From the line that holds "Evil Dead Rise" down to the last line of the listing below, transcribe exactly and only those lines. Leave pictures out.

==*==

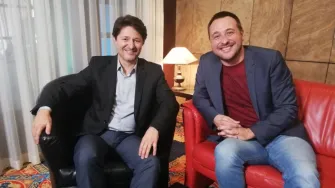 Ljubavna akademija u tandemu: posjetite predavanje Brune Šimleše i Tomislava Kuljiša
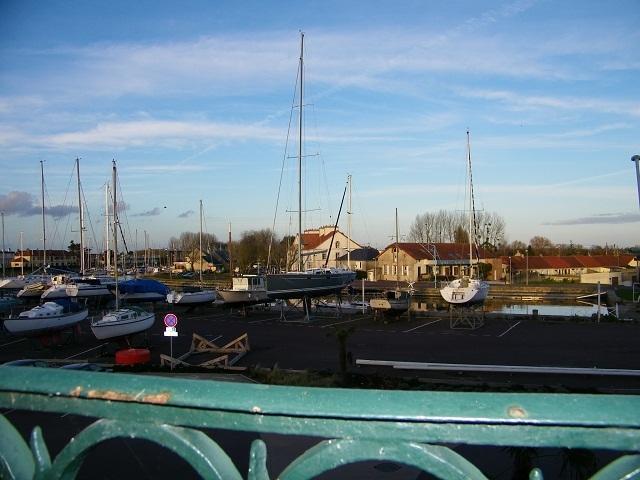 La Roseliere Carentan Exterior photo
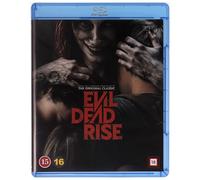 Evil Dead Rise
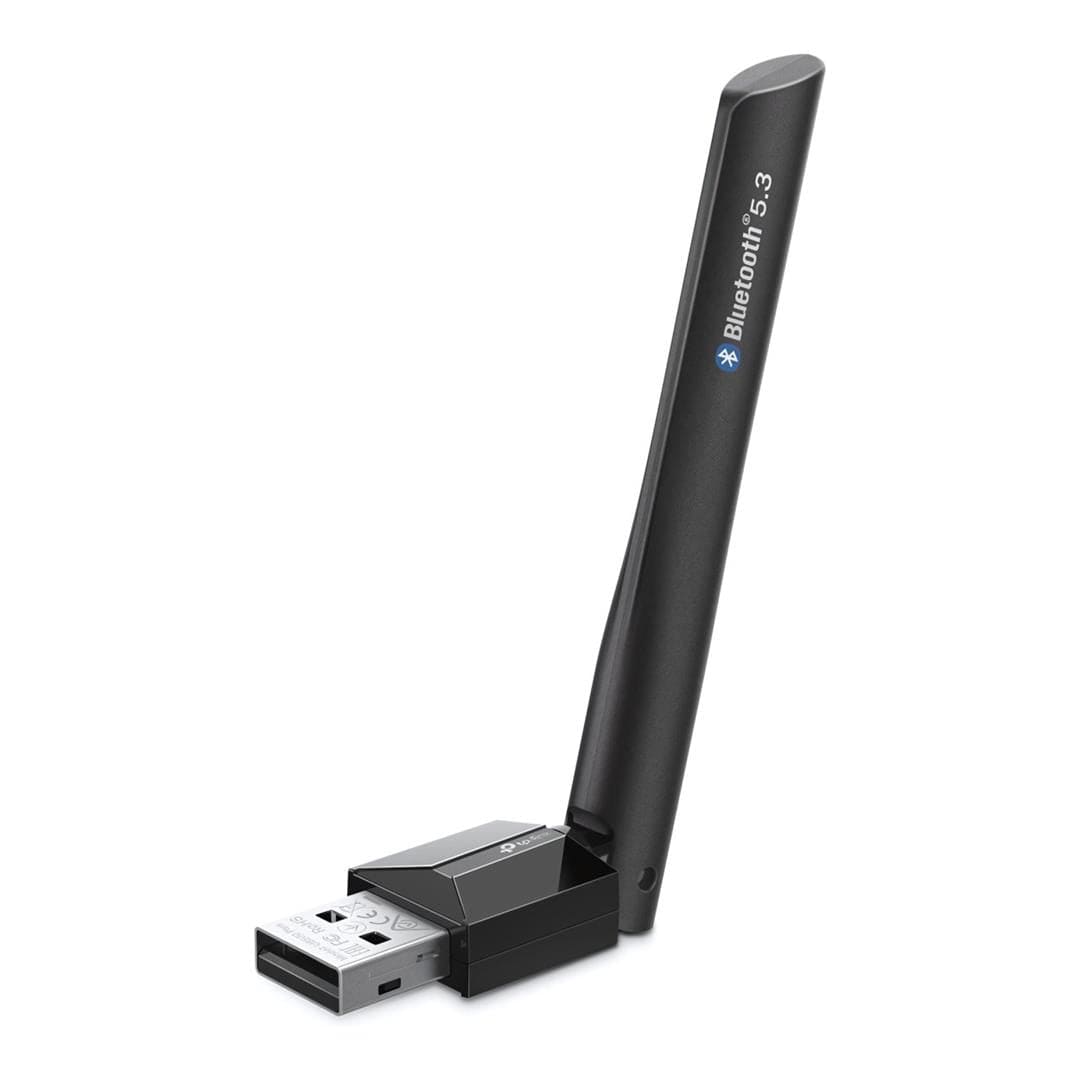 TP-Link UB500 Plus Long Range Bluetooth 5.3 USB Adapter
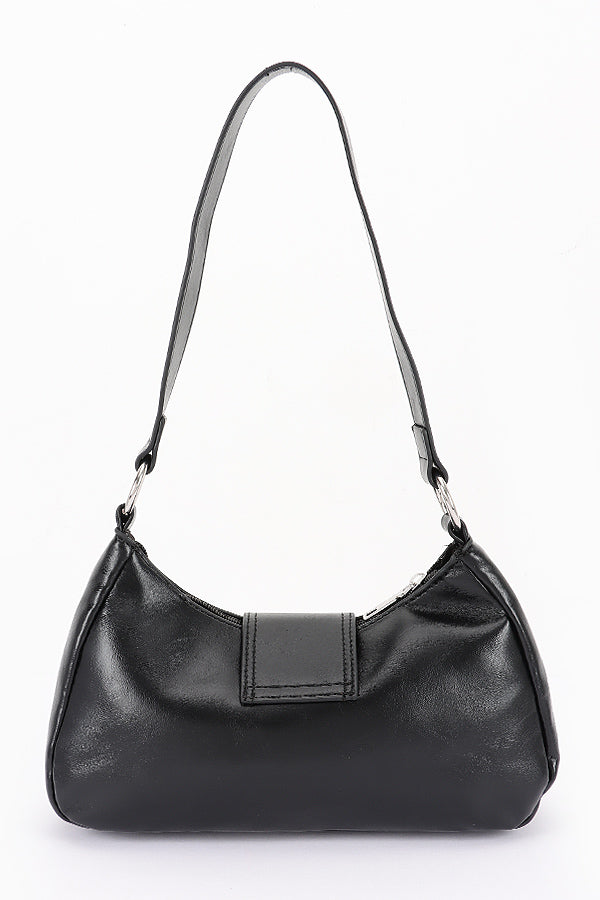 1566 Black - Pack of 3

==*==

**Exercise solution:**
 Evil Dead Rise
 TP-Link UB500 Plus Long Range Bluetooth 5.3 USB Adapter
 1566 Black - Pack of 3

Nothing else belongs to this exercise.